_Action item_. From the line containing "Faruri noi FORD" to the line containing "1884-CC Morgan Dollar PCGS MS65 (777410137)" in the entries below, reproduce every line exactly, ends included. Nothing else belongs in the copy, and no pictures.

_Extracted records_.
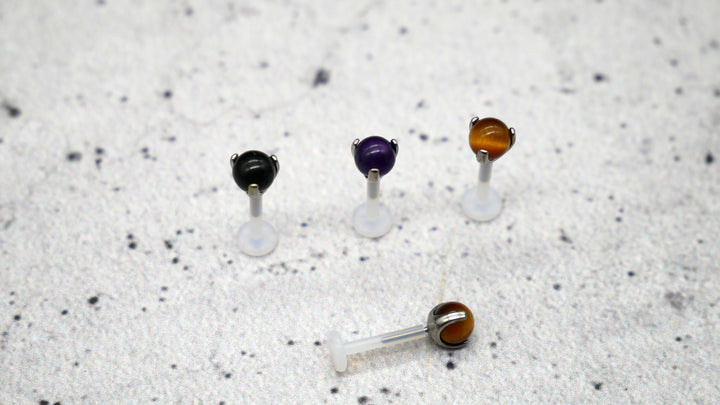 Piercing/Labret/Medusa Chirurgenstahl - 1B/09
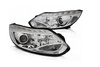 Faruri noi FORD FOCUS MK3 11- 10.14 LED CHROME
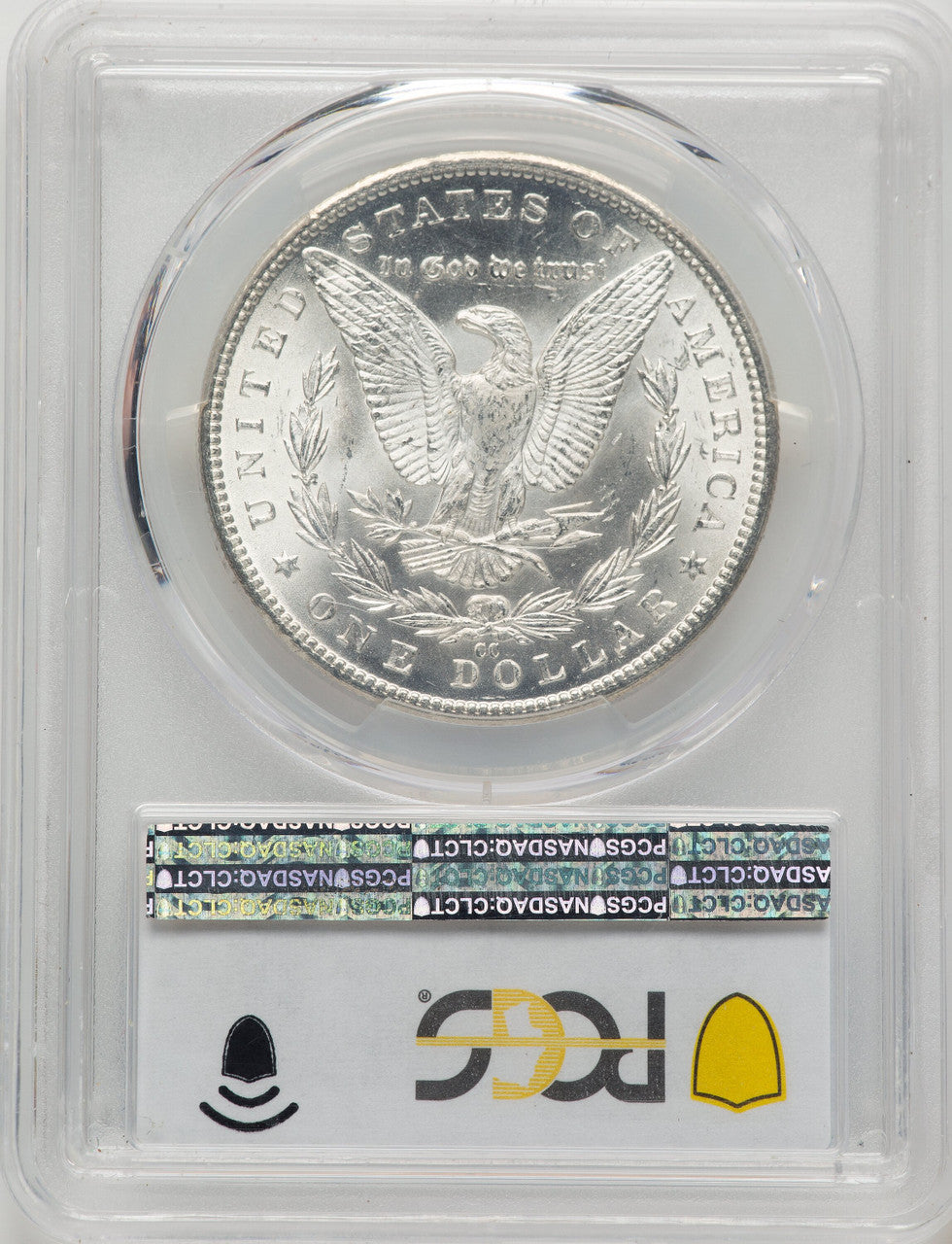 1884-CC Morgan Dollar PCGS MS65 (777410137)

---

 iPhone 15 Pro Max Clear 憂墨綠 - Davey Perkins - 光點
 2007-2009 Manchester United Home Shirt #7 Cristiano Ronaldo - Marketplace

_Result for this task_.
 Faruri noi FORD FOCUS MK3 11- 10.14 LED CHROME
 1884-CC Morgan Dollar PCGS MS65 (777410137)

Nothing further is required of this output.